Hacker News: mattj

New comment by mattj in "Waymo One is now open to all in Los Angeles"

mattj — Tue, 12 Nov 2024 18:22:13 +0000

Good news: this isn't true - https://waymo.com/blog/2024/05/fleet-response/

New comment by mattj in "DIY Espresso (2020)"

mattj — Thu, 17 Aug 2023 13:40:47 +0000

I've built one of these based on the instructions and use it daily (and love it!), but the tone of the site is pretty reflective of the project overall. It's definitely a really impressive hack and I appreciate all the hard work that's gone into it, but could really use a little more user-facing empathy.

I'm not sure if I'd recommend it to someone else - and if I was doing it again I'd probably spend a few hundred more (than the gaggia + parts cost) and just buy an off-the-shelf machine with the same feature set.

New comment by mattj in "Nearly 12M Square Feet of Vacant Office Space in S.F"

mattj — Sun, 25 Oct 2020 23:23:07 +0000

I think the grandparent is probably referring to upstate in the Hudson Valley sense of the phrase. Plenty of cute towns, but Hudson / Woodstock / Kingston are definitely in the O(tens) of great restaurant options, comparable to a slice of any single Manhattan / Brooklyn neighborhood most tech people live in.

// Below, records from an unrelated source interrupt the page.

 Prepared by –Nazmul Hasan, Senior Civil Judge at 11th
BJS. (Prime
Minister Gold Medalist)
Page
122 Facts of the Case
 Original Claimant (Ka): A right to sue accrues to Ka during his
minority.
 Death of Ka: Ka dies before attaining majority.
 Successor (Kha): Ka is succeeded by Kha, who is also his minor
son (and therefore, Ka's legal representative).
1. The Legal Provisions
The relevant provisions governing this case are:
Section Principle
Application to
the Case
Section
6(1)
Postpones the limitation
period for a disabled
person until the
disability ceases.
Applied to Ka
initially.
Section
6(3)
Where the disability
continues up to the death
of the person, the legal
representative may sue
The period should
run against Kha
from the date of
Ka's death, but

New comment by mattj in "Attention Is All You Need"

mattj — Sat, 16 Dec 2017 19:49:21 +0000

The other answers cover the math well, but I think the “why do you need attention?” statement is worth making (and answers the more engineering-y question of “how/when?”):

DNNs typically operate on fixed-size tensors (often with a variable batch size, which you can safely ignore). In order to incorporate a non-fixed size tensor, you need some way of converting it into a fixed size. For example, processing a sentence of variable length into a single prediction value. You have many choices for methods of combining the tensors from each token in the sentence - max, min, mean, median, sum, etc etc. Attention is a weighted mean, where the weights are computed based on a query, key, and value. The query might represent something you know about the sentence or the context (“this is a sentence from a toaster review”), the key represents something you know about each token (“this is the word embedding tensor”), and the value is the tensor you want to use for the weighted mean.

New comment by mattj in "Show HN: Kozmos – A Personal Library"

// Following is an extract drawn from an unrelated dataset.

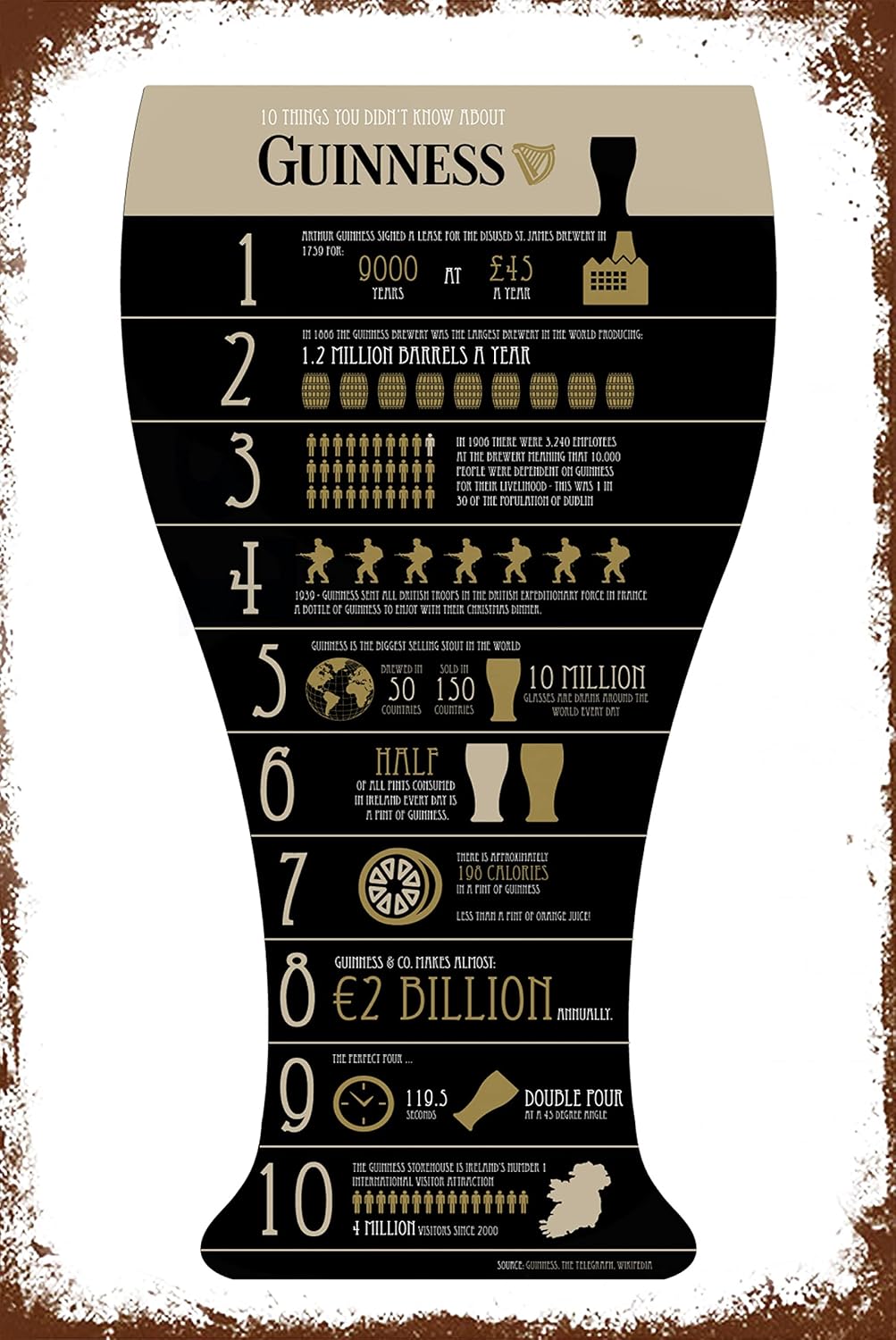 10 Things You Didn’t Know About Guinness Vintage Tin Sign Prevent Glare Placa No Oxidado Hierro Pintura Aluminio Metal Retro Película Band Art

mattj — Thu, 10 Aug 2017 17:58:28 +0000

This is great - the like / heart button is really slick, and I love how it doesn't get in the way at all. I've used pinboard and others in the past, and the (relatively) heavier bookmarking flow would often stop me from saving things as I didn't want to break my flow.

Excited to see where this ends up!

New comment by mattj in "Most Winning A/B Test Results Are Illusory [pdf]"

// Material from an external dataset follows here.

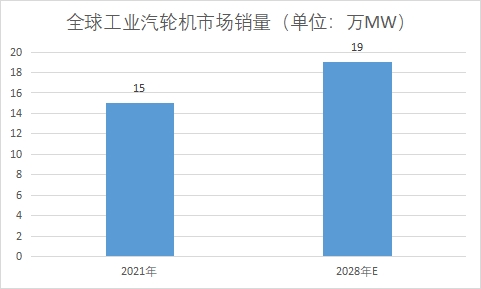市场销量 市场销量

mattj — Thu, 19 Jan 2017 23:07:26 +0000

I agree with you (and love your blog, btw), but I think you're skipping over at least a few benefits you can get out of a mature / well built a/b framework that are hard to build into a bandit approach. The biggest one I've found personally useful is days-in analysis; for example, quantifying the impact of a signup-time experiment on one-week retention. This doesn't really apply to learning ranking functions or other transactional (short-feedback loop) optimization.

That being said, building a "proper" a/b harness is really hard and will be a constant source of bugs / FUD around decision-making (don't believe me? try running an a/a experiment and see how many false positives you get). I've personally built a dead-simple bandit system when starting greenfield and would recommend the same to anyone else.

New comment by mattj in "Wide and Deep Learning: Better Together with TensorFlow"

mattj — Wed, 29 Jun 2016 22:56:39 +0000

I think the change here is they're learning the embeddings alongside the feature weights (eg they're part of the same loss function).

New comment by mattj in "Twilio S-1"

mattj — Thu, 26 May 2016 17:11:40 +0000

This kind of language is very standard. The risks section pretty much always contains obvious platitudes ("An earthquake might destroy all our computers," "All our employees may quit").

New comment by mattj in "Ask HN: How do I get better at CSS?"

mattj — Sun, 31 May 2015 16:05:58 +0000

Similar experience, but I focused on finding UI elements I liked from native apps or websites and attempted to clone them without looking at the source, then played around with the result to figure out how I could simplify it, how it behaved cross browser, etc etc.

New comment by mattj in "Introducing Progressive Equity – Increase employee ownership as company grows"

mattj — Wed, 08 Apr 2015 00:05:59 +0000

heads up, your math is a little buggy - 1% of $90b is $900m, not $90m

New comment by mattj in "Kythe: A pluggable ecosystem for building tools that work with code"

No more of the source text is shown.